Now, there’s an art to curating the perfect Spotify playlist.
Initially, playlists were of a broad variety, usually classified by genre or artist. However, as the digital age deepens, we are now seeing playlists such as “walking out of a movie theatre and feeling like you’re on top of the world” and “driving on the highway at 7am on a wednesday.” We can now curate playlists filled with songs that scratch a certain itch we just can’t elaborate on. No matter how specific your emotion or scenario, playlists for every occasion can provide a constant soundtrack to our lives.
As a music aficionado, I’m no stranger to this phenomenon. Though they may not be as carefully curated as some of my other playlists such as “Art Heist at the Louvre,” it’s become a habit of mine to create monthly playlists filled with whatever it is that caught my ear that month.

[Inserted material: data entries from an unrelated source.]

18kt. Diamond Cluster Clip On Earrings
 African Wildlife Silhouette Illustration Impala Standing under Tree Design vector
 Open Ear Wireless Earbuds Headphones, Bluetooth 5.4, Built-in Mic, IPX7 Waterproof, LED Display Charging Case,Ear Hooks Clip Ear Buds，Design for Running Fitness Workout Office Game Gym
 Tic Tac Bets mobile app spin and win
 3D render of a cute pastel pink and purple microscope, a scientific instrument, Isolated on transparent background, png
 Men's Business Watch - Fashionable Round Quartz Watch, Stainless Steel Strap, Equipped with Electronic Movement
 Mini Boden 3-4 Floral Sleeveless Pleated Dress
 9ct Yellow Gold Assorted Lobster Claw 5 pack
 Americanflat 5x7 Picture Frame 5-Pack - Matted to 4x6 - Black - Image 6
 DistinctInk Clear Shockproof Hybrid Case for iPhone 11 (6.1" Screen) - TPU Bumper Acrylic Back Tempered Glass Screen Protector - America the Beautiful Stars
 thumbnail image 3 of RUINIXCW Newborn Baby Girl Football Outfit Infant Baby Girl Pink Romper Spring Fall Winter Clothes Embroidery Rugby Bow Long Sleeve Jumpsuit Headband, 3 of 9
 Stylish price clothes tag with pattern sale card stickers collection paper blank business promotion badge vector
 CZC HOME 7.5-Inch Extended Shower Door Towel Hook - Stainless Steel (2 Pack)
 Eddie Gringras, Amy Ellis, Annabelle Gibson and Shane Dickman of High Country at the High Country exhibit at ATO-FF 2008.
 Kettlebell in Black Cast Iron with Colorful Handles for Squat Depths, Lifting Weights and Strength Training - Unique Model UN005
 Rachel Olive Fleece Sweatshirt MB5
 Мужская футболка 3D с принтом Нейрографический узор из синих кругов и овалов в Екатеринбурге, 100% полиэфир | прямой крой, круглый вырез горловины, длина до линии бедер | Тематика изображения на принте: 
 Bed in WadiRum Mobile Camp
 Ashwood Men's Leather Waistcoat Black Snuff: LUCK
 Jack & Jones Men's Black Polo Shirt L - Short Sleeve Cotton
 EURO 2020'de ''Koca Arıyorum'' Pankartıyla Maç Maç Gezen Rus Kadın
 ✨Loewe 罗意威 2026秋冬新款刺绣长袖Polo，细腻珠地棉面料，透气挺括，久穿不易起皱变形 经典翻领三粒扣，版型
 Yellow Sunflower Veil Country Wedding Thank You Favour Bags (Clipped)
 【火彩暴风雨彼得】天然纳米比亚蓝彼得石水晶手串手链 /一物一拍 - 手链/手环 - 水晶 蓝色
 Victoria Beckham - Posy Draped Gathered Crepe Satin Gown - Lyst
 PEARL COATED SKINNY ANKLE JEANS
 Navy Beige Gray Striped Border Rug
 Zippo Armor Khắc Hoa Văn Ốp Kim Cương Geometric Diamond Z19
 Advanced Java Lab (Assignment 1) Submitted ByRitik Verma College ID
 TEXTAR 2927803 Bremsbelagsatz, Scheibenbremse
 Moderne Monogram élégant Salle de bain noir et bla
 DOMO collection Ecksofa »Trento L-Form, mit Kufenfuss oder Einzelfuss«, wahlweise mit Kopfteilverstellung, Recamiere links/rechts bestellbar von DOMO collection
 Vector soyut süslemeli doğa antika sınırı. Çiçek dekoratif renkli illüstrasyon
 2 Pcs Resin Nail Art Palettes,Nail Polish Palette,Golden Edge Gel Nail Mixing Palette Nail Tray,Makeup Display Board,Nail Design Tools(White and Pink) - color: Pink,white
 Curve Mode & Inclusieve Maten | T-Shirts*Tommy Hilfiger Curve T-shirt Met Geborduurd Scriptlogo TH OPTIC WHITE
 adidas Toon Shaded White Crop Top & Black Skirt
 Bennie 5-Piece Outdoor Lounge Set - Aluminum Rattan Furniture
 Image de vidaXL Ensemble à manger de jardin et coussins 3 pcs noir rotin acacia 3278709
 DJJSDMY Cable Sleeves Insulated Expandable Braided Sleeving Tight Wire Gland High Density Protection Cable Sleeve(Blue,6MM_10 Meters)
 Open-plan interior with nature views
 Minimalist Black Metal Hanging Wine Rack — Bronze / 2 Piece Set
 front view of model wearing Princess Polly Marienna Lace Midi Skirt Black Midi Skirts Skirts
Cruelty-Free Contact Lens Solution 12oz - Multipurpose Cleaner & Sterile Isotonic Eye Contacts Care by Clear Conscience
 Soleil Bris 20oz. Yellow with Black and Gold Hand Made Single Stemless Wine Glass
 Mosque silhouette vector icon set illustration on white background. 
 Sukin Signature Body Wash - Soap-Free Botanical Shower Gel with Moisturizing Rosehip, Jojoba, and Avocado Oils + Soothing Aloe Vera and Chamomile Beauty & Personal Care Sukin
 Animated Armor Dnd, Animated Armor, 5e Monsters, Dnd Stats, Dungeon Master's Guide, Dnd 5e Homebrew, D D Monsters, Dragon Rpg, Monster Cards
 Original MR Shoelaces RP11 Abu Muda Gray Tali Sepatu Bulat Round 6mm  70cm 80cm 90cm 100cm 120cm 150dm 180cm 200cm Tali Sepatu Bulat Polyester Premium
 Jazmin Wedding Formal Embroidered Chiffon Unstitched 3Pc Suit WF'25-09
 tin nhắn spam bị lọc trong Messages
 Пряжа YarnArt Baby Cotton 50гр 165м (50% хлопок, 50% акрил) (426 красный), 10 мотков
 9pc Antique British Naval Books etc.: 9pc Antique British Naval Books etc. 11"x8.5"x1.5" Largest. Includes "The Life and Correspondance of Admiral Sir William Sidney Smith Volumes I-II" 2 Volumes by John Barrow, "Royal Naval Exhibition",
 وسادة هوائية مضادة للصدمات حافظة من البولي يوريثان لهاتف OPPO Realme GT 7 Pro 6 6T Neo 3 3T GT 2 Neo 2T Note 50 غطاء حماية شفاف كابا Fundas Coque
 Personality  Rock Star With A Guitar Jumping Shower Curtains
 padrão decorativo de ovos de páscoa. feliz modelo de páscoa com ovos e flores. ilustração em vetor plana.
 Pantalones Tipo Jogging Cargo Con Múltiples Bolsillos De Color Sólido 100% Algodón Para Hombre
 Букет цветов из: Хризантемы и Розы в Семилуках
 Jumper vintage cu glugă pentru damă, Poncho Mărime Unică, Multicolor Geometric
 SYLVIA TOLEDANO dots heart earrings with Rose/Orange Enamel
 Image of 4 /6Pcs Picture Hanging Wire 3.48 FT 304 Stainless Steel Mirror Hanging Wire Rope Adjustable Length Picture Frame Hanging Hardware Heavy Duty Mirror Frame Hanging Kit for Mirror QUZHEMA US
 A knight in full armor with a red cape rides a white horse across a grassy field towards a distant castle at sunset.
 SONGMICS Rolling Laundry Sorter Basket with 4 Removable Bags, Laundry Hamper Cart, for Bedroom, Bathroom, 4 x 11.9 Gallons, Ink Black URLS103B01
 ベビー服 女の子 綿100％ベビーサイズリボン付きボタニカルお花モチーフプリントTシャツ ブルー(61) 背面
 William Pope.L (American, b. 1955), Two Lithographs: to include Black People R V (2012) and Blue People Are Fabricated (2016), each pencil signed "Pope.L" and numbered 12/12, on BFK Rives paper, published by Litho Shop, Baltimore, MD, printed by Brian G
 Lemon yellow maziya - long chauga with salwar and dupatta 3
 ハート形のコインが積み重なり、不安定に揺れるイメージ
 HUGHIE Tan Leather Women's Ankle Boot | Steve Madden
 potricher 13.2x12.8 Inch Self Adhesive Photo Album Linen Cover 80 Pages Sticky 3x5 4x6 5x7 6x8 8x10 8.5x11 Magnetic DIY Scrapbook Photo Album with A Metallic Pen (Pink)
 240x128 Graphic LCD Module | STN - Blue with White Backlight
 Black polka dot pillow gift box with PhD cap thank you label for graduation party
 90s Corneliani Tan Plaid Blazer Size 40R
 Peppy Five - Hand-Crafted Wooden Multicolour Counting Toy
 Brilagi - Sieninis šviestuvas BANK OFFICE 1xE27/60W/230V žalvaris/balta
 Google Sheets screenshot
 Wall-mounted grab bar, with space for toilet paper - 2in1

The language of music speaks louder to me when I listen back on these playlists. Delving into “October 2018” immediately transports me back in time. Suddenly, I’m 17 again, and I’m jamming out to a miscellany of Shostakovich, Glass Animals, and After The Burial.
These niche playlists almost turn Spotify into another social media platform. By choosing the perfect cover art to accompany a gripping description, playlists on the app almost act as posts on your profile. Soundtracks offer accompaniment to the good times, the bad times, and everything in between. They’re a language that our generation is becoming increasingly fluent in.
While social media platforms like Instagram or Pinterest focus on visual media, Spotify highlights the beautiful language of audio.
These playlists don’t even need to be unified stylistically, nor do they need to be explained. The music we choose tells a story in and of itself, eliciting emotions within listeners that can only be described as the feeling you get when “Stopping at the 7/11 for Gas and Snacks at Midnight.”
Unlike past generations that curated playlists through downloading MP3 files of their favourite songs or recording songs from the radio onto cassette tapes, we have a massive musical universe at our fingertips. The most fundamentally universal experiences can be aptly described through playlists — as seen by “coronacation” and “AAAAAAAAAAAAAAAAA,” both extremely appropriate given the times we live in today.
We use the language of music to relate to the world around us, make sense of digital media, and create alternate realities for ourselves. Our generation has shaped the internet, creating a digital time capsule that will be immortalized for years to come. Not only can we express ourselves and create timelines for our lives through media we’ll remember and look back on fondly, but we can capture a glimpse into the lives and histories of others as well.
It’s an adventure, a grand trek that might only be accompanied by “hiking through the mountains with a patagonia pullover.” Soundtracks that once played in the periphery of our lives now describe our universe, collecting and organizing our experiences in the digital world.
When it comes to speaking the language, Generation Z is quick to catch on. By the playlist “Magic In The Mundane” alone, it’s safe to say we’re fluent.